34. "Isso que você chama consciência é uma bela mentira e você, achando-se muito racional, muito superior aos animais, deixa-se enganar por meras interações químico-elétricas nesse bolo de carne fechado numa caixa óssea muito belamente recoberta por pele."—Lemonstein
35. Quem pensa, mesmo uns cinco minutos, sobre a língua, percebe que ela é unimultipolar.
36. Se fossem mais sagazes, perceberiam que entre "sujeito cognoscente" e "objeto de conhecimento" há uma distância abissal, perceptível de longe. Se fossem iguais seria "objeto cognoscido" – variação que preserva a diferença significante, igualando a sintaxe –, ou "sujeito de conhecimento" – que geraria uma igualdade significante e também sintática.
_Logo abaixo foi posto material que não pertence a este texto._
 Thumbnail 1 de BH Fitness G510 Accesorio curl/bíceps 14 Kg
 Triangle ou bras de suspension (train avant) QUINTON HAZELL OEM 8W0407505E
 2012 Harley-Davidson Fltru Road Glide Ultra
37. Quando o sujeito começa a aprender? Qual o momento crítico? Onde se localiza a fronteira, afinal? É uma daquelas situações exemplares dos limites do pensamento e do pensamento do limite. Situação exemplarmente dialética, daquelas boas mesmo.
38. O nome é o princípio da herança. Nós herdamos nosso nome – isso é fundamental. Herdamos todos os nomes, exceto os pessoais, esses são uma herança não herdável, uma herança sem herança.
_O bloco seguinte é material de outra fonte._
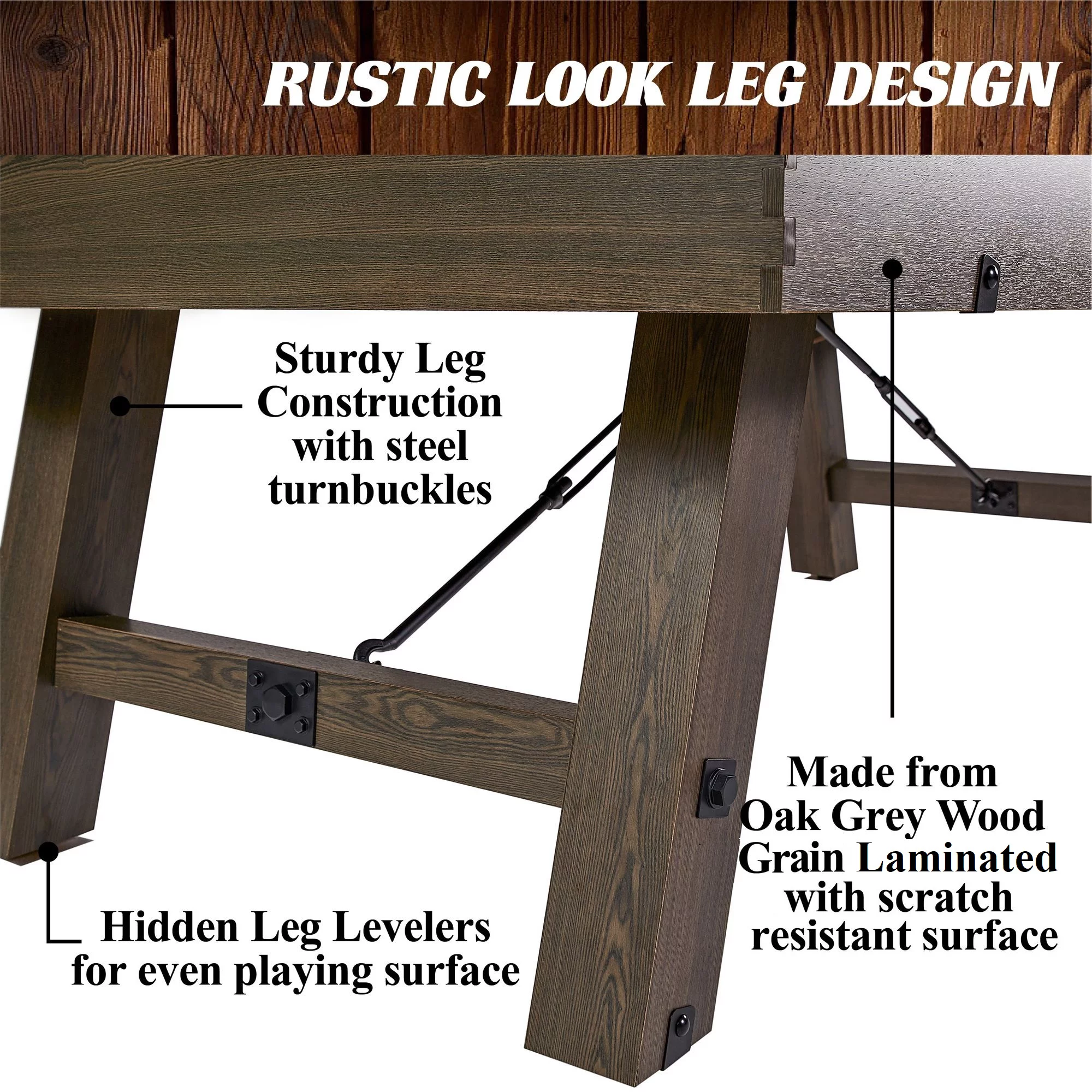 Barrington Billiards 96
39. O pós-modernismo surgiu na arquitetura e esteve associado por algum tempo só a essa arte. Tomando-o por paradigma, analisaram-se outras manifestações culturais, mas isso é um desrespeito e um erro (hoje vemos bem onde foi dar tudo isso). A arquitetura tomou as cidades com seus prédios, sua pior invenção, não merece respeito algum. Ela tem dessas coisas, uma desgraça. A pintura, por exemplo, continuou modernista ou se rendeu à fotografia e a um pretenso realismo. Alguns videogames resistem, mas nem todos – são o último reduto de esperança. Mesmo boa parte das religiões se perderam para o mundo (pós)moderno.
40. Não é possível que a "democracia" do romance burguês (realista) seja levada a sério hoje, a despeito dos disparates dum Rancière ou outros. Essa ideia de que os pormenores "reais" (esse excesso de descrição visando uma verossimilhança forçada, antinatural, artificial enfim) são sinais de uma igualdade estrutural dos elementos dispostos ali, dos seres ficcionais apresentados. Essa é uma ideia terrivelmente falsa, horrenda mesmo em sua ironia hipócrita, em sua mentirosa consciência, que só tem aparências de consciência arguta, astuciosa, quando se mantém ignorante ao que realmente acontece tão perto de seus olhos que já não pode ver. Lipovetsky bem nos avisou: a democracia do consumo é a única possível hoje. Mesmo a crítica exercida por um Groys (a despeito de suas afirmações contrárias, como se quisesse suprimir a potência do que disse em nome da ordem do dia) ao modelo do mercado de arte é fecunda nesse ponto. Não é sem motivo que são objetos sempre, nunca pessoas, que são ajuntados em abundância, empilhados, acumulados nas imensas descrições inúteis. E não me venham com "sensação de vazio", com "produzir um efeito de inutilidade ou nulidade", com conversas de "o puro gozar a vida", "o direito ao ócio", para tudo isso e muito mais já nos basta a vida. Esse "efeito de real" artificial e antinatural, essa verossimilhança fácil, forçada, descritivista, só existe por uma falta de natureza no espírito.
41. Gostaria de avisar que vivemos num tempo onde é preciso à ficção se afirmar ou se (re)inventar, é preciso haver ficção. Para tal se faz indispensável termos pelo menos um OLNI (Objeto Linguístico Não Identificado) e um OLNA (Objeto Linguístico Não Autorizado). Problema sério é quando acontece um OLNInt (Objeto Linguístico Não Interceptado), passando sobre nossas cabeças, ou sob elas, sem o notarmos.